→ **WHAT YOU HAVE TO DO**: Your answer is to be the exact text of the lines from the one containing "棋子配件：五子棋象棋斗兽棋棋子" through the final line of the entries, restated in full, with pictures omitted.
+++
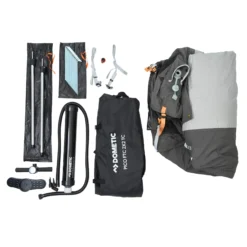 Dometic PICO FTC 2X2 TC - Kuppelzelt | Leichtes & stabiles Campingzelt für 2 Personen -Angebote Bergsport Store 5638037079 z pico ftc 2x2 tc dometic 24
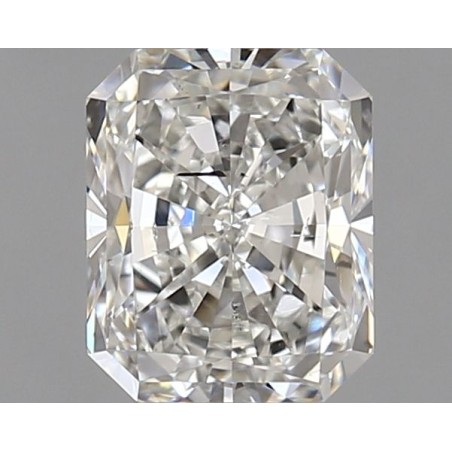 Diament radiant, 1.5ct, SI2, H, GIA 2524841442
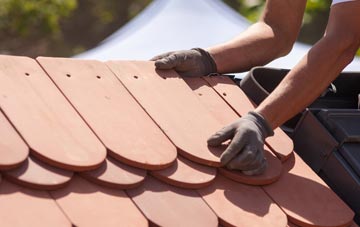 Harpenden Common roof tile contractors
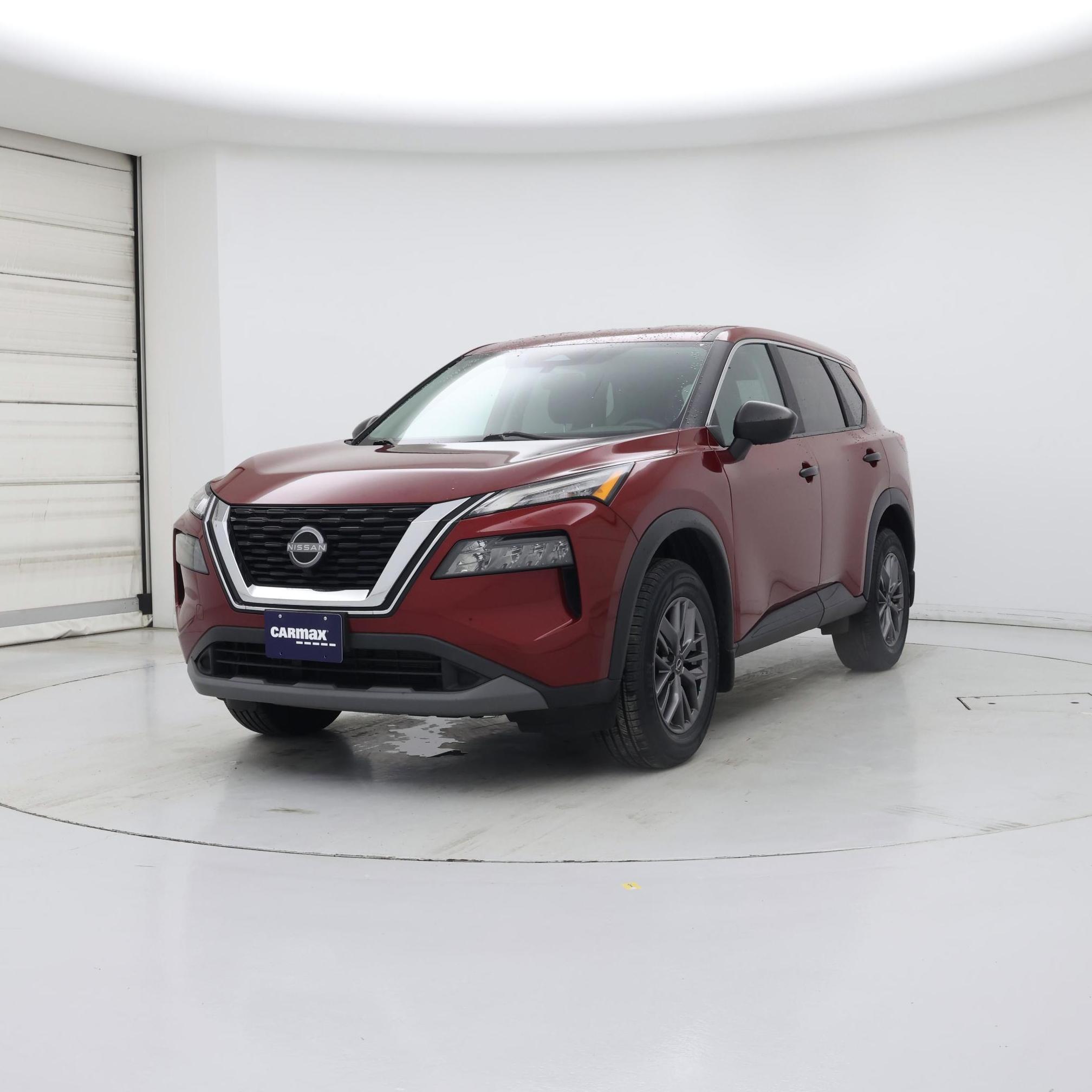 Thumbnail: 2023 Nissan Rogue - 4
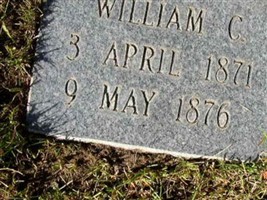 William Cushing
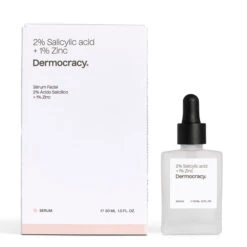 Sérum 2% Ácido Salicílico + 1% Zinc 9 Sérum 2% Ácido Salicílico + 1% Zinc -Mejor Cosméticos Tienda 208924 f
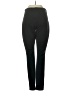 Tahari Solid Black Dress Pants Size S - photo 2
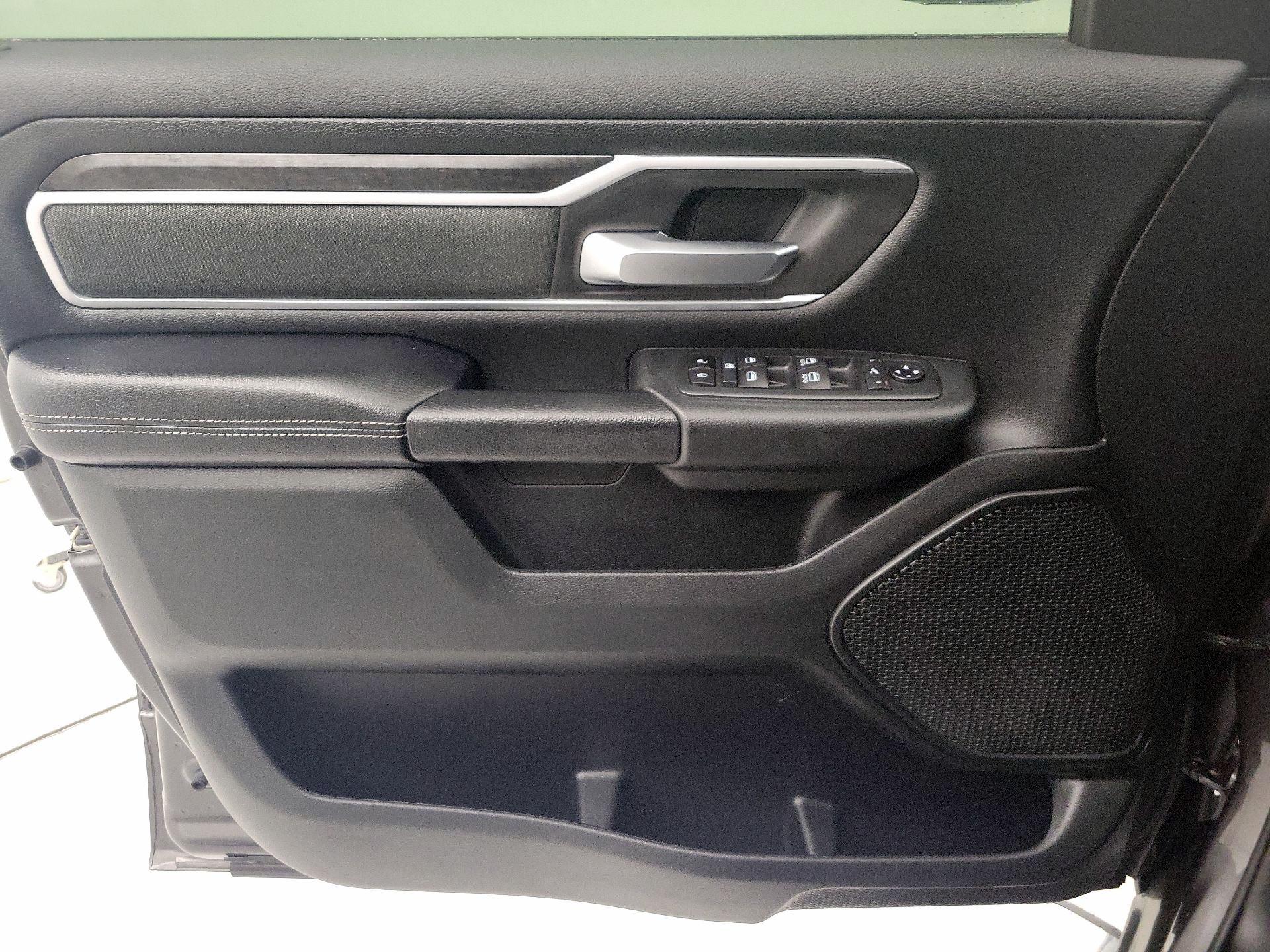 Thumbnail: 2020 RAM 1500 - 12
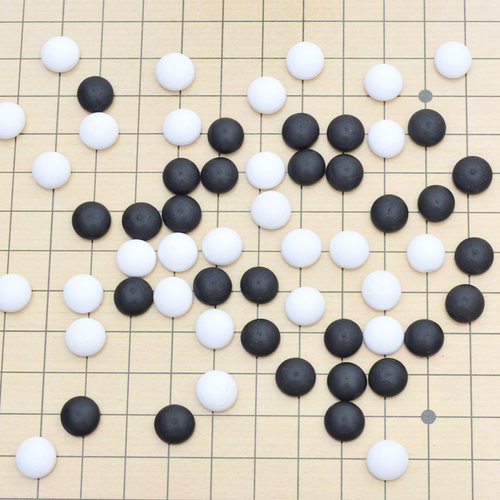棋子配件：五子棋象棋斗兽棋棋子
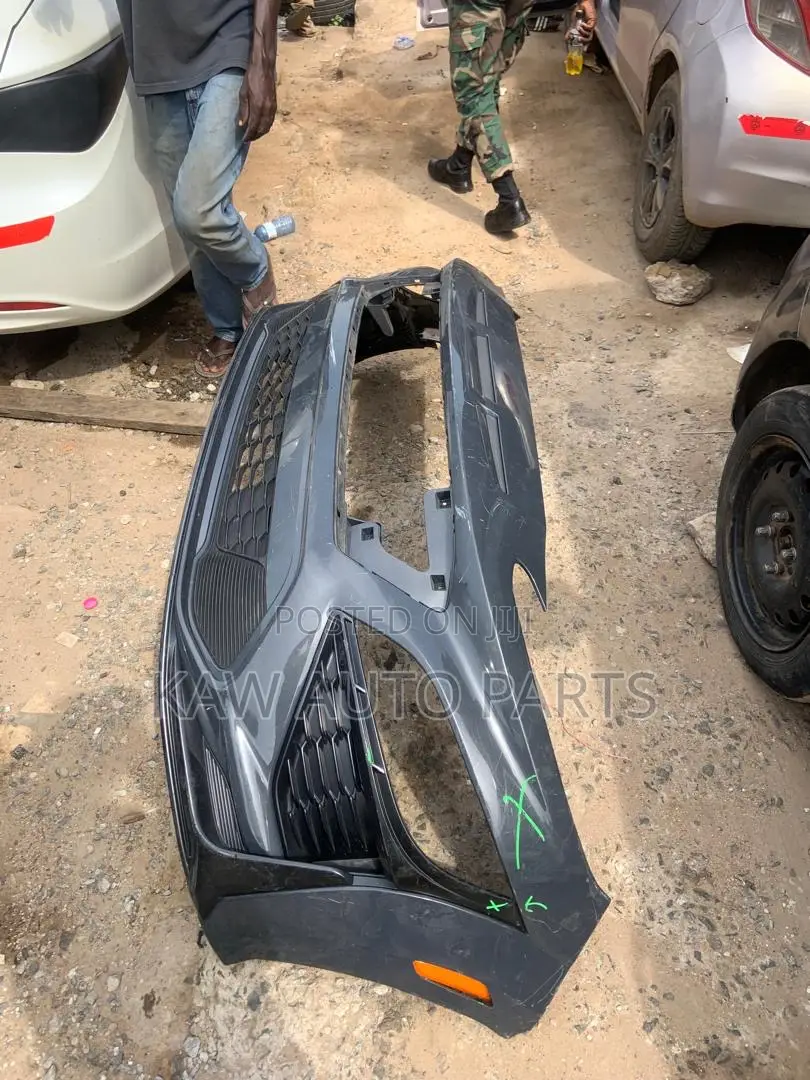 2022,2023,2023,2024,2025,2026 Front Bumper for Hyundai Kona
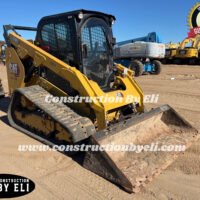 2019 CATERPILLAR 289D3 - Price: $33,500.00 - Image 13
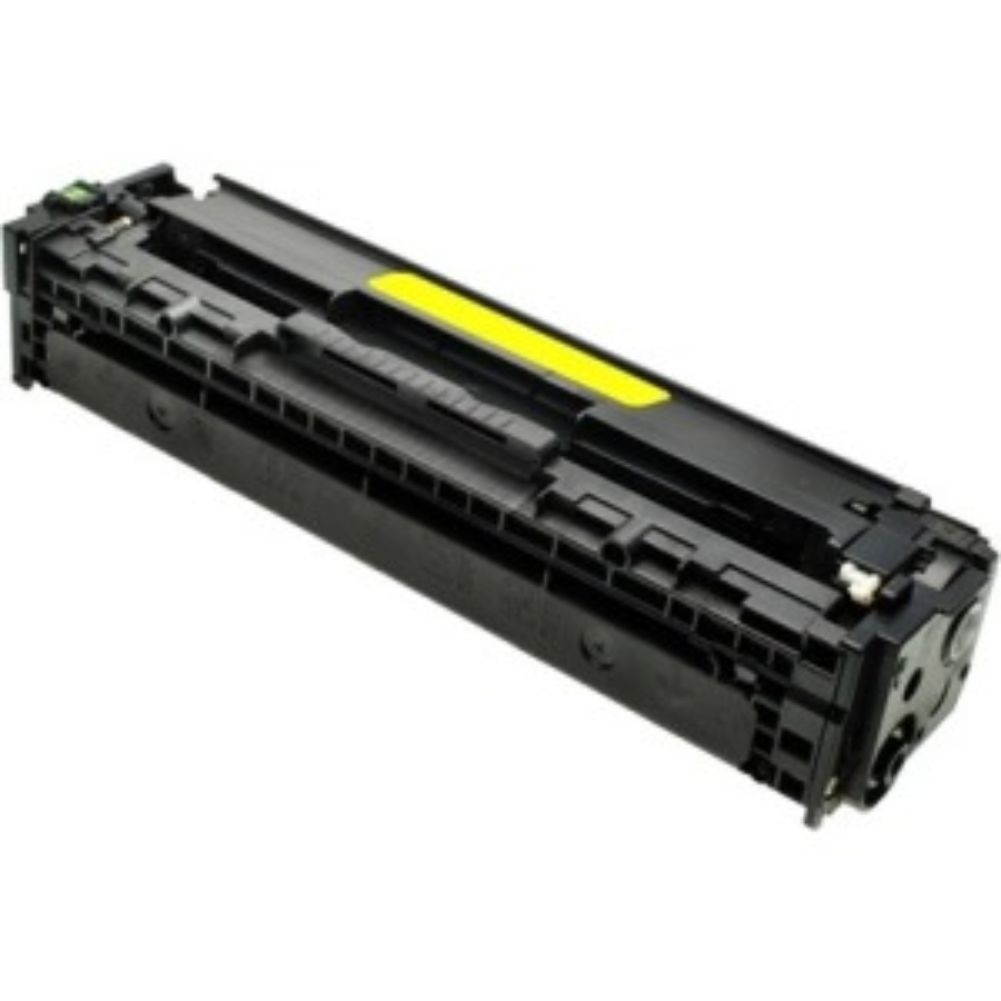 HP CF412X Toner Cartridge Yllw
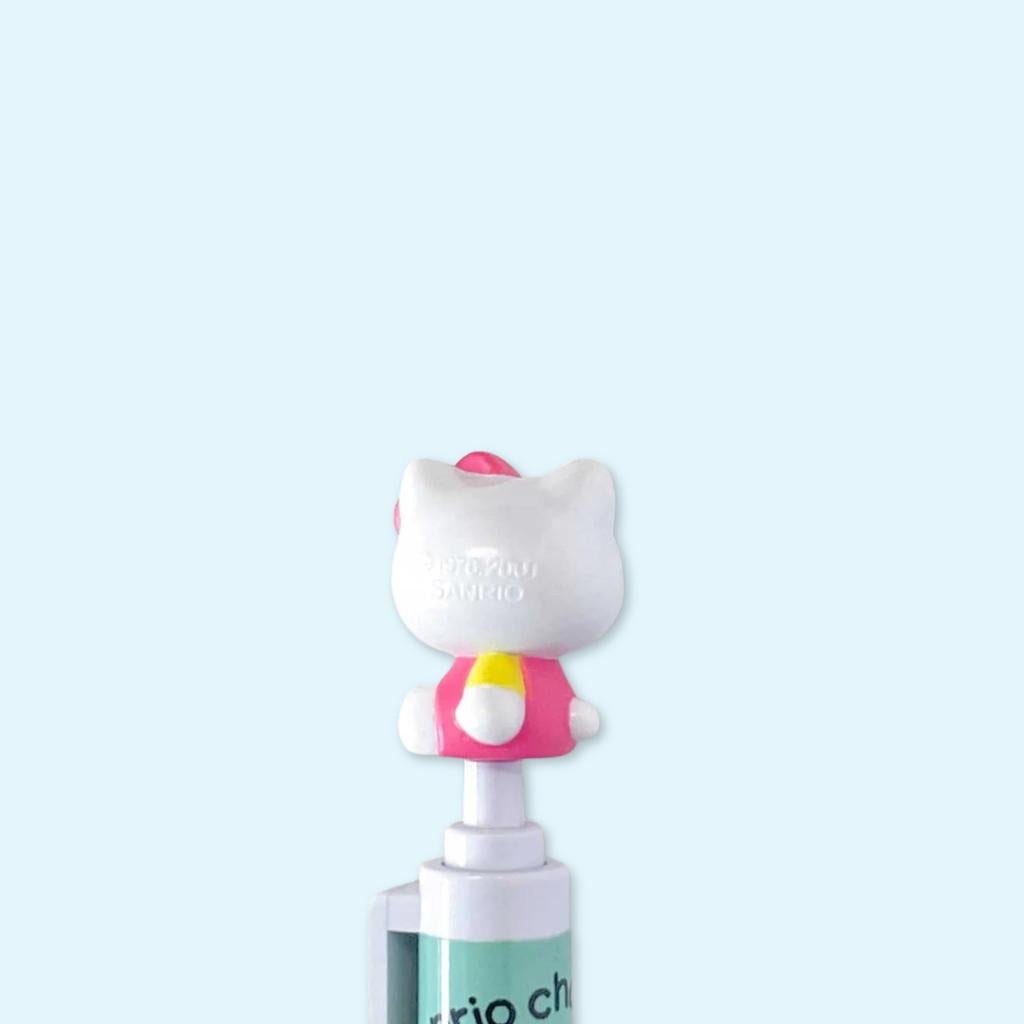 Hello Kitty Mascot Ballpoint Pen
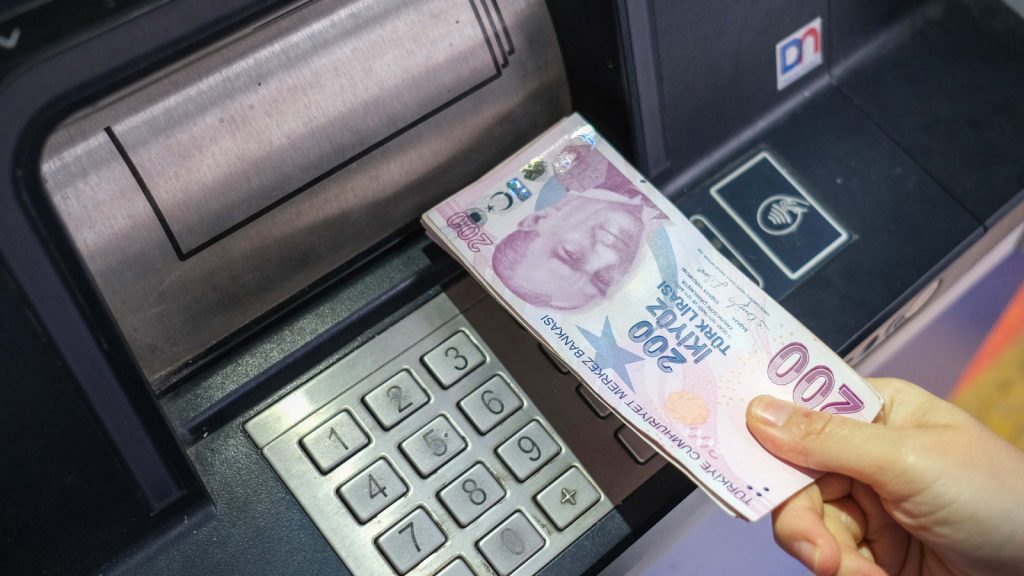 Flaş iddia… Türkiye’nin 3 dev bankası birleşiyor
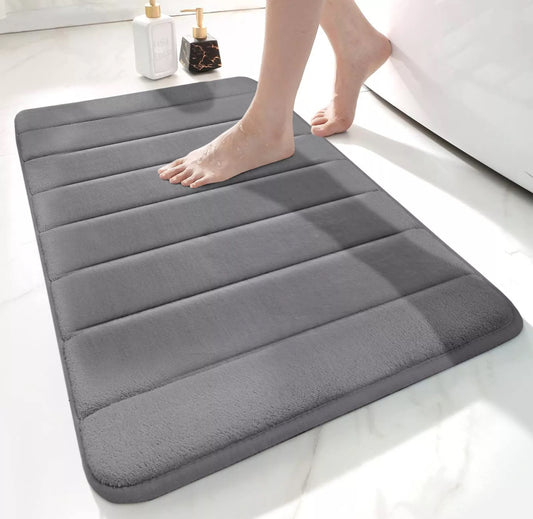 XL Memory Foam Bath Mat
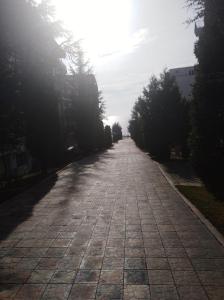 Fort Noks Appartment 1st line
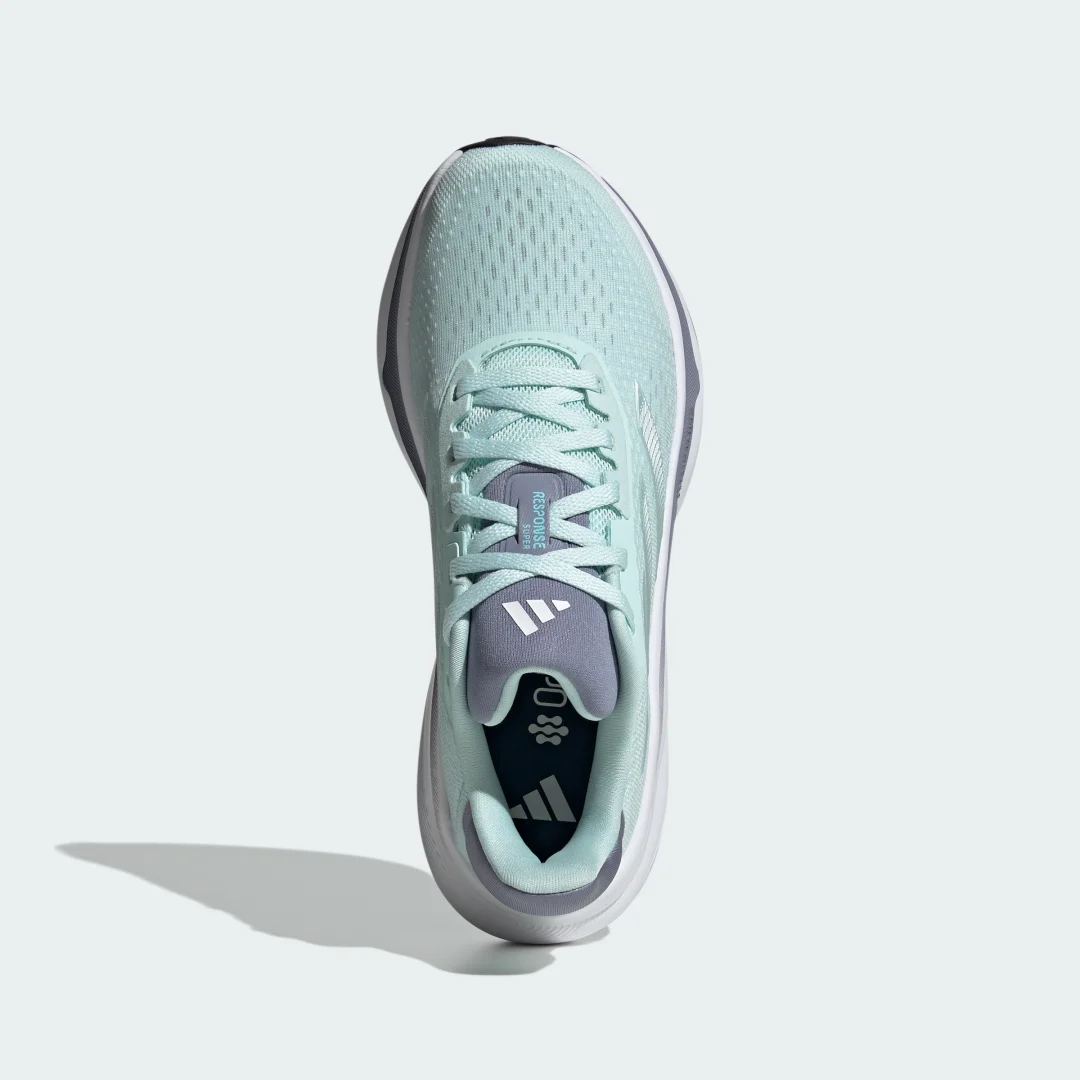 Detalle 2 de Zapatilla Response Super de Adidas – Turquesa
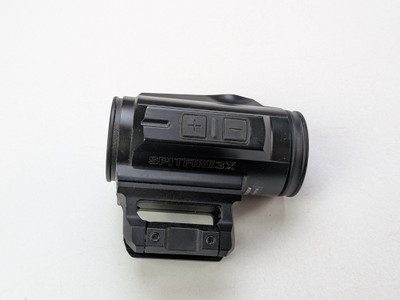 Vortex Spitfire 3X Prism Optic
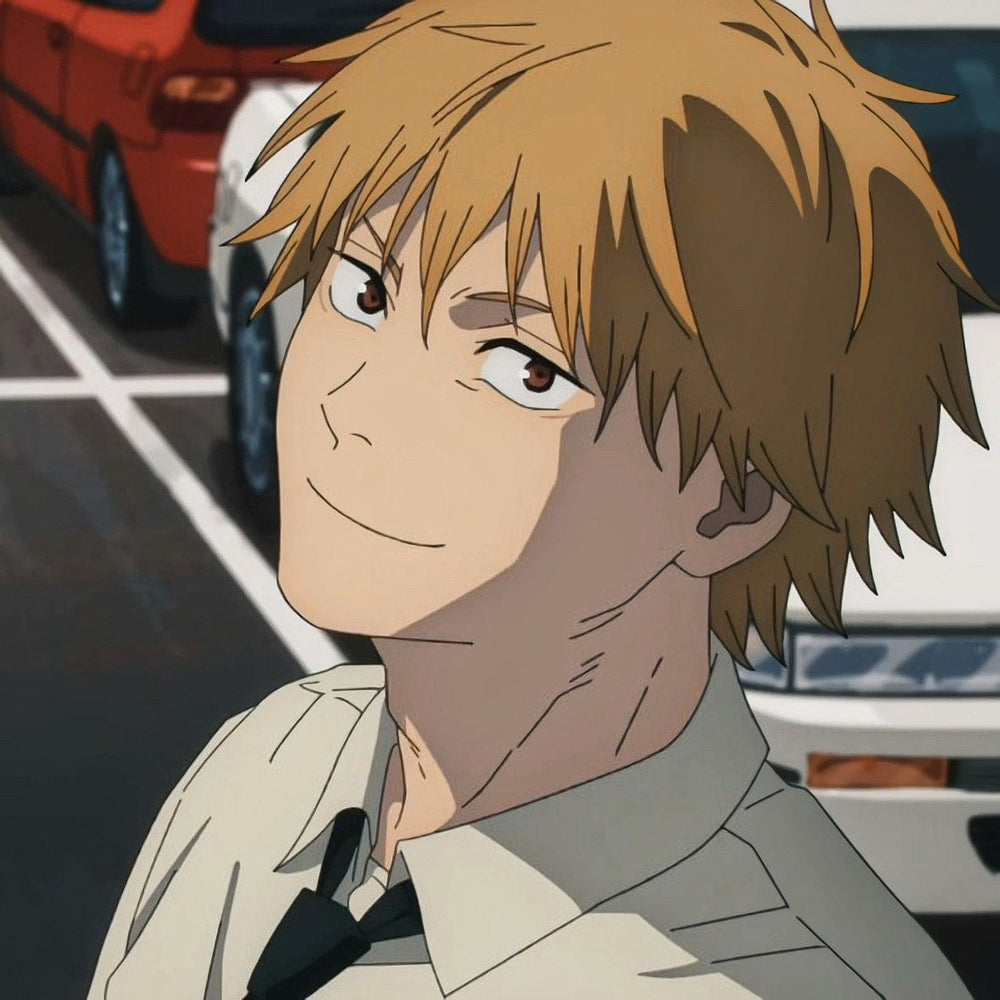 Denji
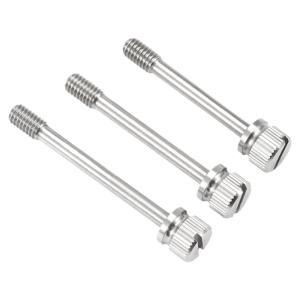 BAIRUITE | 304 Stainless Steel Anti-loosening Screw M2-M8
+++
→ **EXPECTED ANSWER**:
棋子配件：五子棋象棋斗兽棋棋子
 2022,2023,2023,2024,2025,2026 Front Bumper for Hyundai Kona
 2019 CATERPILLAR 289D3 - Price: $33,500.00 - Image 13
 HP CF412X Toner Cartridge Yllw
 Hello Kitty Mascot Ballpoint Pen
 Flaş iddia… Türkiye’nin 3 dev bankası birleşiyor
 XL Memory Foam Bath Mat
 Fort Noks Appartment 1st line
 Detalle 2 de Zapatilla Response Super de Adidas – Turquesa
 Vortex Spitfire 3X Prism Optic
 Denji
 BAIRUITE | 304 Stainless Steel Anti-loosening Screw M2-M8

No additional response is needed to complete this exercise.